The Pīṭhīpatis of Bodh Gaya (also known as the Pithis) were the rulers of the area around Bodh Gaya from roughly the 11th to 13th centuries in the Magadha region of what is now Bihar in India. Pithi refers to the diamond throne where the Buddha was said to have gained enlightenment.

The Pithipati chiefs styled themselves with the title of Acarya in addition to Pīṭhīpati.

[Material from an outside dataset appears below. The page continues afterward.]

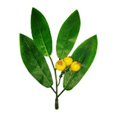 thumbnail image 3 of (Tipo B doble flor sombra fruta de arándano) decoración de arreglo floral de hoja de rododendro, 3 of 14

Pithipati Buddhasena also termed himself as magadhādipati (ruler of Magadha).

Origin
The historian, Dineshchandra Sircar, noted that the Pithipatis appear to have originally been religious authorities and priests before eventually coming into power themselves at some point in the 11th century during the Pala rule of the region and the Pithis themselves were likely subordinates of the Pala dynasty. Pithipati inscriptions refer to the clan name as Chinda and Chikkora. Kumaradevī, the daughter of Devaraksita, calls her father a Chikkora, while a later descendant, Jayasena, calls his ancestors Chinda indicating the use of different family names.

History

The first king of this dynasty was Vallabharāja whose rule of Bodh Gaya is confirmed by the Sarnath inscription of Kumaradevi in the 12th century who was one of the wives of Govindachandra of the Gahadavala dynasty. The Pithipatis were contemporaries and neighbors of the Gahadavalas to the west and the Pala dynasty to the east. The Pithis also maintained marital relations with the Karnat dynasty of Mithila in North Bihar.  
The Pithi chiefs were also noted for providing land to visiting Sri Lankan monks in Bodh Gaya so that they could build a monastery. Inscriptions from the period detail the granting of land to the Singhalasangha by Acarya Buddhasena. It also details how a nearby village called Kottahala was granted to a Sinhalese monk called Mangalavamsin for the maintenance of the Mahabodhi temple.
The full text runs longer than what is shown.